- Classification: Lutheran
- Orientation: Confessional Lutheran
- Polity: Congregational
- Region: United States
- Origin: 1927 Wisconsin
- Separated from: Wisconsin Evangelical Lutheran Synod
- Congregations: 6
- Members: approx. 1,000 baptized
- Official website: protestantconf.org

= Protes'tant Conference =

Loose association of Lutheran churches and churchworkers in the United States

The Protes'tant Conference is a loose association of Lutheran churches and churchworkers in the United States. It was organized in 1927 by former members of the Wisconsin Evangelical Lutheran Synod (WELS) who had been suspended following an intrasynodical controversy. At its height, the Protes'tant Conference comprised 22 local congregations, but it had declined to just six by the early 2000s.

It is a conservative, confessional Lutheran Christian group with German immigrant roots. It published the periodical Faith-Life as a conference, and operates the Protes'tant Conference website. It does not consider itself as a denomination or a church body, but a loose association of churchworkers and independent congregations.

==Orthography==
The organization's name includes a single typewriter quotation mark after the second syllable of the word “Protestant,” indicating that the second syllable is accented.

== History ==
The Protes'tant Conference arose out of a controversy in the WELS over a document known as the Beitz Paper written by then WELS pastor W. F. Beitz in 1926-27. In his paper, Beitz discussed the doctrinal philosophy then prevalent in the synod. Debate arose over the theological nature of the document and about 40 supporters of Beitz were subsequently suspended from the WELS as a result. These pastors, teachers, and some congregations organized into the non-centralized Protes'tant Conference. It has undergone three schisms, in 1930, 1952, and 1964.

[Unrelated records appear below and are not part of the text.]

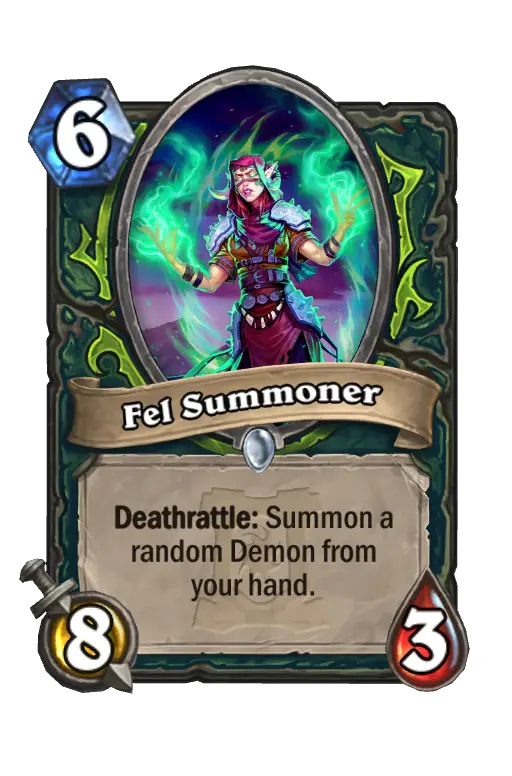 Fel Summoner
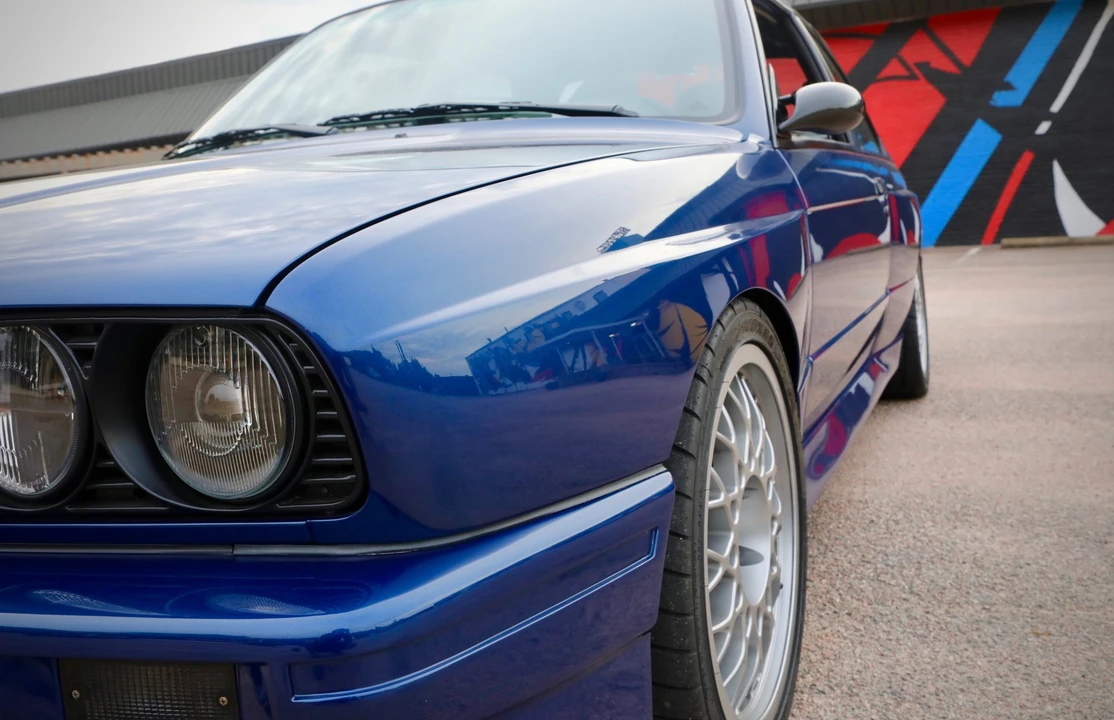1988 BMW E30 M3 - Image 17 of 31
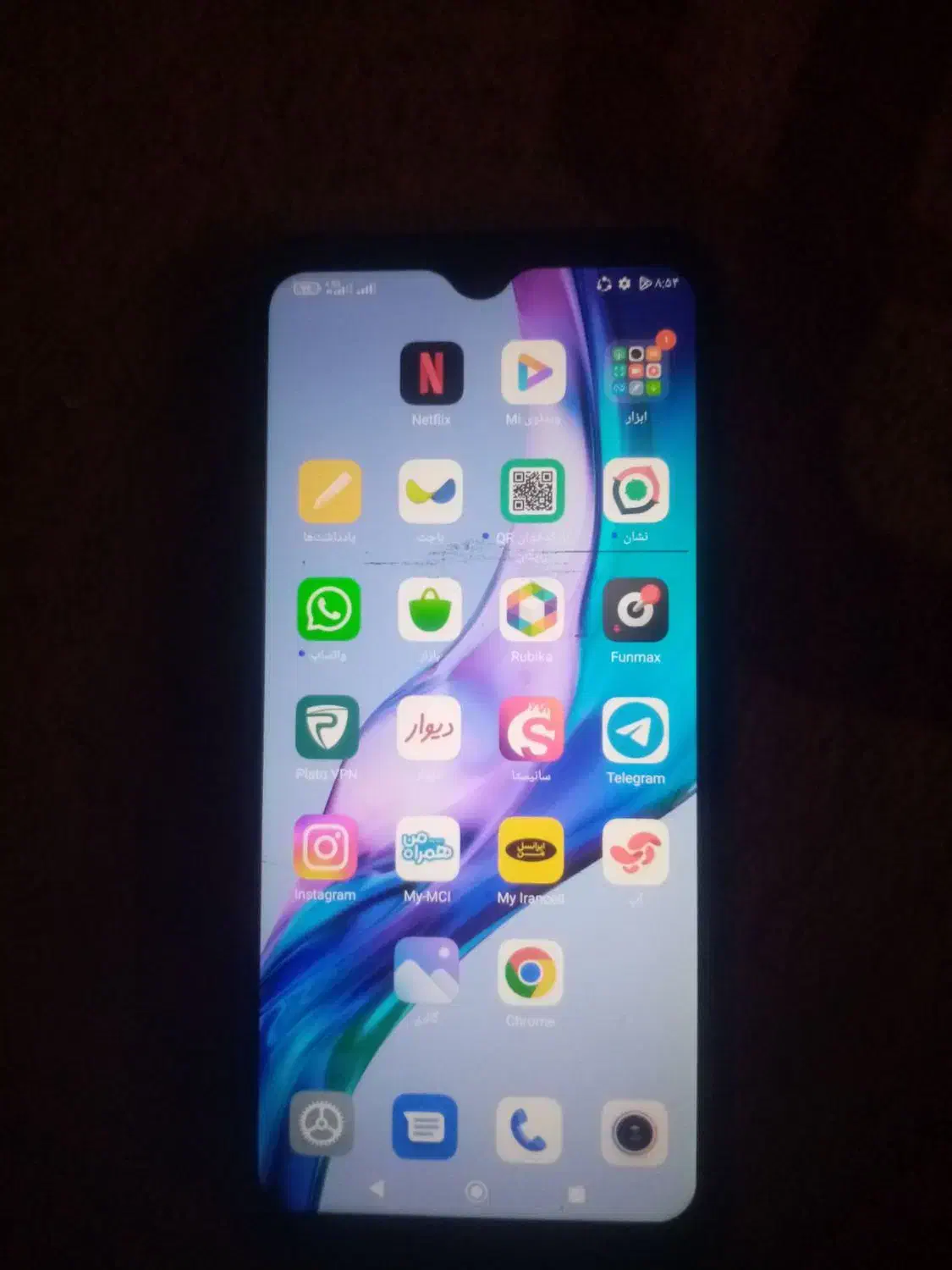 redmi 9|موبایل|تالش, هشتپر|دیوار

Internally, the Protes'tant Conference sometimes referred to itself as The Protes'tant Conference of the Wisconsin Synod. The name "Protes'tant" was adopted in 1929, on the 400th anniversary of the Second Diet of Speyer. That diet of the Holy Roman Empire had outlawed Lutheranism and resulted in the reformers adopting the name "Protestant" . The name "Protes'tant" was chosen to signify their protest against "synodicalism" on the part of both the WELS and the Lutheran Church – Missouri Synod (LCMS). While the LCMS had not been involved in the expulsion of the Protes'tants, its 1927 synod convention ratified the expulsions.

==Core beliefs==
The Protes'tant Conference teaches that the Bible is the only authoritative and error-free source for doctrine. It subscribes to the Lutheran Confessions (the Book of Concord) because they believe it is an accurate presentation of what Scripture teaches. It teaches that Jesus is the center of Scripture and the only way to eternal salvation, and that the Holy Spirit uses the gospel alone in Word and Sacraments (Baptism and Holy Communion) to bring people to faith in Jesus as Savior and keep them in that faith, strengthening them in their daily life of sanctification.